Next, we explored the impact of modulating FOXM1 transcriptional activity on CDK1 mRNA levels. We took advantage of the FOXM1 inhibitor FDI-6, which prevents FOXM1 from binding to its target DNA and blocks downstream gene transcription [57, 58](Suppl. Figure 3a). NHK treatment with 30 μM FDI-6 did not significantly alter cell-cycle phase distribution (Suppl. Figure 3b), but it led to a marked reduction in FOXM1 protein levels (Fig. 2c). Consistently, a reduction in FOXM1 target genes, such as CCNB1 and H1B, has been observed (Fig. 2d).
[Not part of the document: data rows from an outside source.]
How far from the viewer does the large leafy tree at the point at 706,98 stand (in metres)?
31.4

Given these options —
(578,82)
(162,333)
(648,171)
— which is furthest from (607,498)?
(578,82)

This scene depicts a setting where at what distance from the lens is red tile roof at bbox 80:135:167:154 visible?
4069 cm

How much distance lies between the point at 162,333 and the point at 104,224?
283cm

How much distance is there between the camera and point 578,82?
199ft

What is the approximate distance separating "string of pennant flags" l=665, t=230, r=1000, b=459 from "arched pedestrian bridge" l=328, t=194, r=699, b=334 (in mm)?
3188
Notably, also CDK1 expression was diminished, suggesting a direct transcriptional regulatory role of FOXM1 on CDK1 (Fig. 2d, orange bars).

Interestingly, FOXM1 mRNA levels were also reduced (Fig. 2d, light blue bars), supporting the existence of an auto-regulatory feedback loop for FOXM1. This observation is in line with previous reports showing that transcriptional inhibitors, such as Siomycin A and Thiostrepton, similarly reduce FOXM1 activity and expression [34, 59]. Furthermore, it has been shown that disruption of specific FOXM1 binding sites (− 745/−738 bp) significantly diminishes FOXM1 promoter activity, emphasizing the importance of this region in FOXM1 auto-regulation [59, 60]. Further investigation is necessary to determine whether the reduction in FOXM1 protein levels following FDI-6 treatment is due to decreased transcription or alteration in protein stability.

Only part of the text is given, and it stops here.